Ça sort le 13 décembre, agrémenté de divers bonus. Et, vu le contenu de l'album, c'est sans doute la meilleure façon qu'a trouvé Eminem de nous souhaiter de la violence et du sang pour Noël.

Tragédies ordinaires. Dans le monde d’Eminem, la mesure n’a jamais vraiment existé. Qu’il narre l’overdose d’une jeune fille (My Fault) ou qu’il raconte le destin d’un criminel sur le point de commettre un viol (Guilty Conscience), le rappeur de Détroit s’est habitué aux éloges, aux critiques, aux records de ventes et à des surnoms insupportables – genre « le rappeur blanc ». En clair, Eminem a compris qu’il était de ces artistes qui cristallisent l’attention. Et ce depuis son deuxième album, « The Slim Shady LP », sorti en février 1999 et rapidement salué par la critique :

« Il n’a pas peur de dire ce qu’il veut, écrivait alors le Los Angeles Times.

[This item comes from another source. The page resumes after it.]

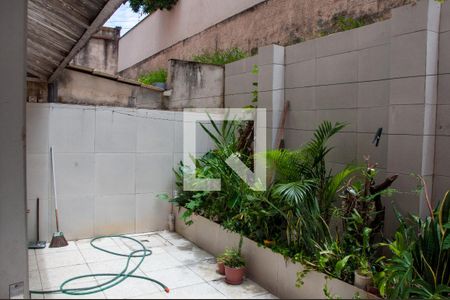 Apartamento à venda com 48m², 2 quartos e 1 vagaÁrea de Serviço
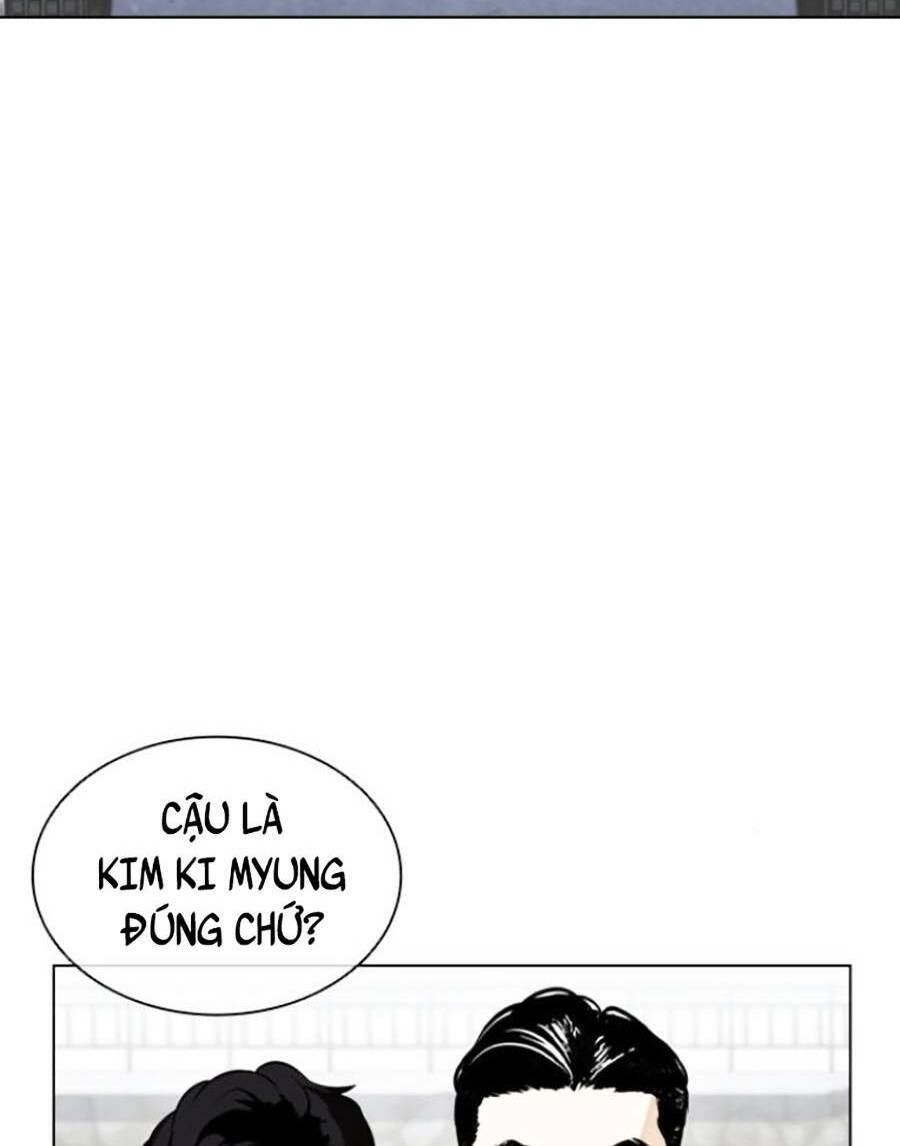 Hoán Đổi Diệu Kỳ Chap 433 - Next Chap 434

Ses textes sont si malins qu’il fait passer un meurtre pour quelque chose de drôle à faire juste pour passer le temps. »

White trash. Sur ce disque, le premier produit par Dr. Dre, le propos est effectivement très dur, plombant et assez éloigné de l'imagerie de Détroit façonnée par les films de John Hughes à la fin des années 1980. Mais c'est précisément cette mise en scène de la réalité, cette cruauté et ce sens du détail angoissant qui permettent à des morceaux comme 97 Bonnie & Clyde, Role Model ou Brain Damage de fasciner.

Comme rarement auparavant, le hip-hop s'aventurait alors dans d'autres coins de l'Amérique, et plus particulièrement dans ces immenses banlieues blanches peuplées de ces familles issues de la classe ouvrière qui, victime de la désindustrialisation massive, de la précarité et des délocalisations, finiront par voter en majorité pour Trump une quinzaine d'années plus tard...

Reconnaissance mondiale. « The Slim Shady LP » est aussi l’apparition véritable du double maléfique d’Eminem : Slim Shady. Ou plutôt, du look de ce dernier, avec ces cheveux blonds décolorés que le rappeur arbore après un soir de défonce sous ecstasy : « Je ressemblais à un putois – je n’avais aucune idée de ce que je faisais avec ces produits chimiques », expliquera-t-il quelques années plus tard dans sa biographie, The Way I Am.

Une folie, à l'époque, mais un véritable succès. « The Slim Shady LP » s'écoule à plus de dix millions d'exemplaires à travers le monde et reçoit deux Grammy Awards : celui du « Meilleur album rap » et celui de la « Meilleure performance solo de rap » pour le mythique My Name Is. Rien d’étonnant, donc, à ce qu’Eminem décide de publier une version étendue de son deuxième album, agrémentée de dix bonus - en vrai, essentiellement des versions a capella ou des instrumentaux de ces vingt morceaux originaux qui, bien aidés par la production, continuent vingt ans après de s'écouter comme un roman noir à l'humour corrosif et à l'indéniable cruauté.